Brett Sargent, founder and CEO of True North Consulting in El Dorado Hills, has educated himself on the PPP program — and is also trying to help inform other small-business owners. Comstock’s spoke with Sargent about the advice he shares.

With the extension being signed by President Trump, what’s the situation now for businesses?
Businesses really have two options. Option No. 1, they continue as they had previously. They go ahead and they use the eight weeks up. Many people who got their PPP loans early, they can just go ahead and do that. My recommendation to them is do that and here is the reason why: Right now is an on-off switch. You get to pick either eight weeks or 24 weeks, one of the two.

If you pick 24 weeks, that’s wonderful that you have that additional time and some people need it. But then you’re stuck with the payroll salary amount (restriction), which is you can’t reduce payrolls by more than 25 percent for non-highly compensated people (making less than $100,000 annually.)

You (also) have the headcount restriction. It says that if you reduced headcount between Feb. 15, 2020, and April 26, 2020, you had until June 30 to bring your headcount back up to that level to avoid any headcount reduction. Now what it’s saying is that timeframe is Dec. 30. Now it did give you an out to say, “Hey, my business has not come back to its normal levels and so I can’t hire people back.” But exactly what’s needed to document that is not very clear.

The other thing that’s happened in there for the headcount reduction, previously (the PPP program) said, “Hey, you tried to hire someone, they said, ‘No, I’m going to stay at home on unemployment getting an extra $600 a week. No, I’m not coming back to work.’” You are obligated to report them to unemployment insurance within 30 days. Now, if you choose the 24-week path, not only do you have to report them, but you have to make an effort to replace that person and you have to document that you made an effort to go back out and rehire to fill that seat.

What I’ve been telling my business owners is that if you have not spent the money, you need to have the additional time to spend the money, you’re comfortable with your forecast, you’re comfortable with the amount of business you have coming in, and that you can meet Feb. 15, 2020, headcount totals, then take the 24 weeks.

But be very careful. No one has a crystal ball. What happens if the economy starts going south in Q4 and you need to lay people off?

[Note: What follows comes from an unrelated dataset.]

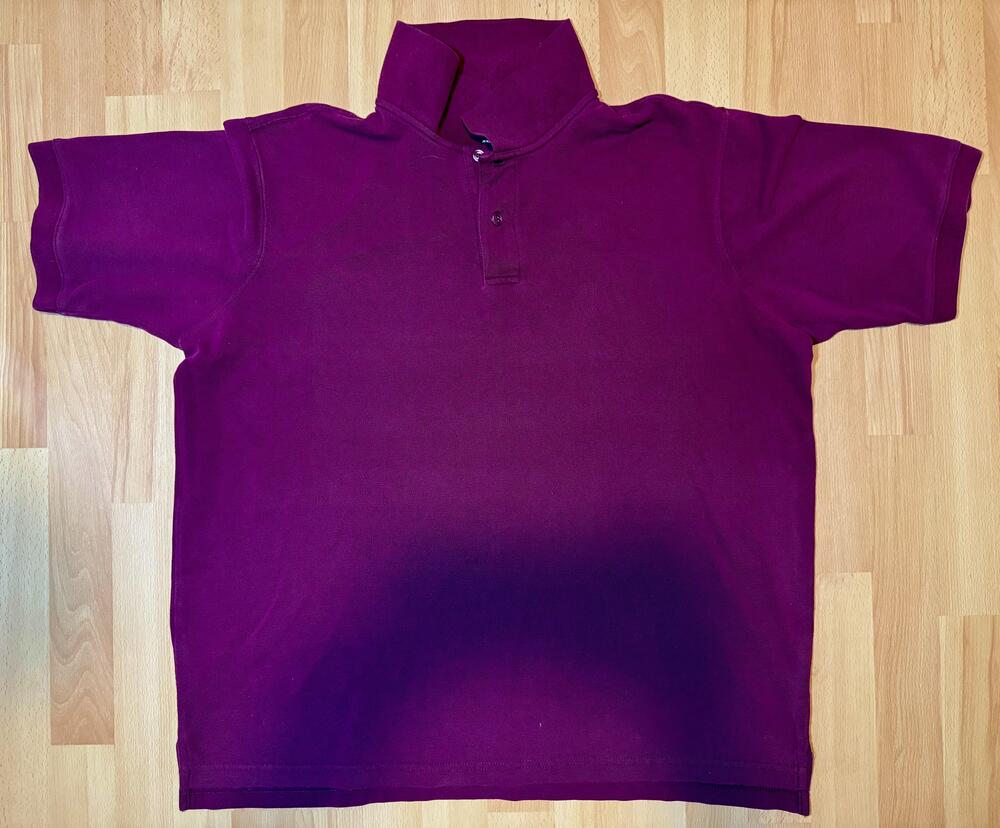 George Polo Shirt Mens XL Burgundy Short Sleeve Cotton Polyester Blend Casual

Do you have a preference between the eight weeks and the 24 weeks? Do you think one is better?

It all depends on the circumstance, but my instinct would say the eight-week is better. When people got their loans, it was 2.5 times 2019 monthly average salary or 12 months backward-looking. But most banks required 2019. … You’re set up on a 2.5 times amount and then you started hiring people back.

Many people are four, six weeks into the program. They’ve already brought people back. Business is happening, they’re hiring people or hired people back, people are being paid and so forth. My instinct would say go with the eight-week.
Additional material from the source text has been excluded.